Segundo o assessor de relações institucionais da FURB, Marcel Siebert, a instituição tem “a responsabilidade de uma universidade pública, mas o orçamento de uma privada.” Há uma diversidade de projetos de pesquisa e extensão, como atendimento psicológico, médico, odontológico, fisioterapêutico e jurídico a pessoas com dificuldades financeiras, além de promoções culturais, serviços editoriais e programas de atualização permanente.

Cobrir o orçamento da universidade ficou mais difícil com a explosão de novas faculdades privadas que, conforme palavras da presidente do Sindicato dos Professores e Servidores da FURB, Elza Bevian, “apenas ensinam”, sem produzir conhecimento. A FURB não pode, por ser uma fundação pública, concorrer pela lógica de mercado. Não pode demitir funcionários, cortar bolsas, diminuir cursos, nem aumentar as mensalidades sem alguma burocracia. Assim, perdeu alunos para essas novas instituições, mais baratas, e para a própria crise nacional. Agora corre o risco de encolher e perder qualidade — vale lembrar que sua biblioteca é uma das dez melhores do país. “Nossa capacidade de investimento é zero. As obras atuais —biblioteca campus II — estão sendo financiadas pelo BNDES (Banco Nacional de Desenvolvimento Econômico e Social)”, explica Siebert.

Federalizar para quê?

Desde 86, quando a FURB foi reconhecida como universidade pelo Ministério da Educação, há uma discussão que volta e meia vem à tona para retornar ao silêncio: privatizar ou estatizar? Com a sinalização do candidato Luis Inácio de reerguer o ensino superior público do Brasil seguida de sua eleição, o assunto voltou aos gabinetes da reitoria. Foi criado um Comitê Pró-Federalização envolvendo sindicato, diretório central de estudantes, administração, professores e membros da comunidade.

Declarações à imprensa do ministro da Educação Cristovam Buarque de que não havia qualquer possibilidade de criar novas federais, e que primeiro seriam recuperadas as atuais universidades e, principalmente, o ensino básico, não fizeram o comitê estancar suas atividades. Pretende-se colocar o debate para a comunidade, que teme greves e falta de recursos, doenças comuns às universidades federais e até então não ocorridas na FURB. Mas Bevian afirma que, do jeito que a FURB vem cobrindo seu orçamento, não será possível mantê-la por muito tempo.

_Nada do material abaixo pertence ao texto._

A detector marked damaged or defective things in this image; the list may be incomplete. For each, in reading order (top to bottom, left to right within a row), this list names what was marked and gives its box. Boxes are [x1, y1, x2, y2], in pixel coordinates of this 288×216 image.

Em setembro, um antiprojeto será apresentado ao Comitê, elaborado pelo professor de Economia e ex-pró-reitor de pesquisa e extensão da instituição, Ivo Marcos Theis, justificando a escolha da FURB como uma nova universidade federal em Santa Catarina. Ele prevê projetos de inclusão social, com garantias para alunos vindos de escolas públicas, que costumam entrar muito tarde na universidade, após estarem inseridos no mercado de trabalho, perdendo chances de pesquisa e extensão, avalia Theis. “Temos todos os pré-requisitos históricos e jurídicos”, conclui. Um deles seria o fato de que um campus já construído tem um custo bem menos elevado para o governo.

O mesmo argumento é utilizado pela Universidade do Oeste, em Chapecó, e a Universidade do Extremo Sul de Santa Catarina, em Criciúma, que também disputam as atenções do governo federal.